WHAT TO WORK ON:
Word for word, copy the line containing "Espace de séjour" and each line after it in the records below, ending with the last line.

________________

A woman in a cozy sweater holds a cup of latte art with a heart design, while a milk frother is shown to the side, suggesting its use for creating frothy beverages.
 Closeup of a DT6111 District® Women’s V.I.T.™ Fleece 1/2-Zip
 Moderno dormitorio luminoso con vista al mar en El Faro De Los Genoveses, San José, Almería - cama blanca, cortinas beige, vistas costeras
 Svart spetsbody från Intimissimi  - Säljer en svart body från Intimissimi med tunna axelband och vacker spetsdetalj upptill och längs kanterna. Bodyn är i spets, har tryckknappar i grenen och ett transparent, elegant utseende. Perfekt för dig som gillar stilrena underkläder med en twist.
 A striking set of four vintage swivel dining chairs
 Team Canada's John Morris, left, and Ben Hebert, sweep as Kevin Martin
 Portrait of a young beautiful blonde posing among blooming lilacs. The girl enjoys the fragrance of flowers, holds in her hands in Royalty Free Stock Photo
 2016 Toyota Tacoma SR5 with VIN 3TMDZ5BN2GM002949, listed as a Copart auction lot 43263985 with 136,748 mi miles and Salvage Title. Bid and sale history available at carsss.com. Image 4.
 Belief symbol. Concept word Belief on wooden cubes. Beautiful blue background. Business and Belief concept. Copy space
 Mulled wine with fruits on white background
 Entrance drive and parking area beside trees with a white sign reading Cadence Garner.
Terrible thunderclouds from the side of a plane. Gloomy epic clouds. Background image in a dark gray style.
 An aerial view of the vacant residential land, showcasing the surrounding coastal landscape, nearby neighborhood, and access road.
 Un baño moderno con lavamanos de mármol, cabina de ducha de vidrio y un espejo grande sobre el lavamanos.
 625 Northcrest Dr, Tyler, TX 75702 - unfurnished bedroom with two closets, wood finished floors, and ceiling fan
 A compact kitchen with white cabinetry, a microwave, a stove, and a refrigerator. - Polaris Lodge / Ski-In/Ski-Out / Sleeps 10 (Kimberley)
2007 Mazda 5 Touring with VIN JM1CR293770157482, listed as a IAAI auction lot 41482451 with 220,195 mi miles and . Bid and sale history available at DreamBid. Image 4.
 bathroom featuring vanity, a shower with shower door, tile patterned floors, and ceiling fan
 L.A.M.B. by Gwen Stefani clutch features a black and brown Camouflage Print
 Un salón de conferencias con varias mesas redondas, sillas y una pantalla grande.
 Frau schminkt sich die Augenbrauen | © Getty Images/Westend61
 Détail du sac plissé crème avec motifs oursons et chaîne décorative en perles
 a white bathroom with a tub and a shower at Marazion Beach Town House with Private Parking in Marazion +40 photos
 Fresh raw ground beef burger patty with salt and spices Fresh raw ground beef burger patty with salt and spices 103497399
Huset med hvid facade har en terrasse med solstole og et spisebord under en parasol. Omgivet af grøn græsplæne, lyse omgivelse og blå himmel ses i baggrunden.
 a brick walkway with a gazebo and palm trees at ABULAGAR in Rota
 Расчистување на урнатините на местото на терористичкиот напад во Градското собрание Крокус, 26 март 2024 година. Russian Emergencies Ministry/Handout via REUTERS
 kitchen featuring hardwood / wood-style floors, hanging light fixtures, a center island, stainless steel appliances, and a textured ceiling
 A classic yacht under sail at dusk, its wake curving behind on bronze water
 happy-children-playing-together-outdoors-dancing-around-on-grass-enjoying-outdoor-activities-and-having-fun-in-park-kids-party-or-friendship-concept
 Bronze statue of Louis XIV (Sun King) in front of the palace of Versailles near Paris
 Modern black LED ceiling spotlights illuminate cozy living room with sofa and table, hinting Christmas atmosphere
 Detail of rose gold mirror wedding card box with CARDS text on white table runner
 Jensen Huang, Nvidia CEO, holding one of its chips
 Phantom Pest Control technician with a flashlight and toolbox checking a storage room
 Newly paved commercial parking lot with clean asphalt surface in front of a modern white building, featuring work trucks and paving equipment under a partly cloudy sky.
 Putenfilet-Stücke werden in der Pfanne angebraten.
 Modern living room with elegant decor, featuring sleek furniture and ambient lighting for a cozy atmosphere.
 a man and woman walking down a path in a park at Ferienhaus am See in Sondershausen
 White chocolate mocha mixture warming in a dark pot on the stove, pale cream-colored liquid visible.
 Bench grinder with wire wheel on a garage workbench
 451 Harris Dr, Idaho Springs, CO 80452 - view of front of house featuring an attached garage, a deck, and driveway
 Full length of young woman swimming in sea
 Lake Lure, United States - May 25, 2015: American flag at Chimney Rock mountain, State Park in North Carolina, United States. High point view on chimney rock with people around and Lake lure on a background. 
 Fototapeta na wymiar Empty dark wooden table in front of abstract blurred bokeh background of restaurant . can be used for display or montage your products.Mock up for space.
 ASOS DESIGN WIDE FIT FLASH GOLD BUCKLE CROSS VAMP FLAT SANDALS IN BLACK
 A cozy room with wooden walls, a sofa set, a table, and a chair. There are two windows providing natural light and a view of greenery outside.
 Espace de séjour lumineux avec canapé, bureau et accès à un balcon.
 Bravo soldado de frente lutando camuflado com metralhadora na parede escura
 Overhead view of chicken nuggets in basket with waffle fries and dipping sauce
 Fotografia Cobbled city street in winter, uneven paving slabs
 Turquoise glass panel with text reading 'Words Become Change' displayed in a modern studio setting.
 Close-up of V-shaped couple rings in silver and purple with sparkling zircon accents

________________

OUTPUT FOR THIS TASK:
 Espace de séjour lumineux avec canapé, bureau et accès à un balcon.
 Bravo soldado de frente lutando camuflado com metralhadora na parede escura
 Overhead view of chicken nuggets in basket with waffle fries and dipping sauce
 Fotografia Cobbled city street in winter, uneven paving slabs
 Turquoise glass panel with text reading 'Words Become Change' displayed in a modern studio setting.
 Close-up of V-shaped couple rings in silver and purple with sparkling zircon accents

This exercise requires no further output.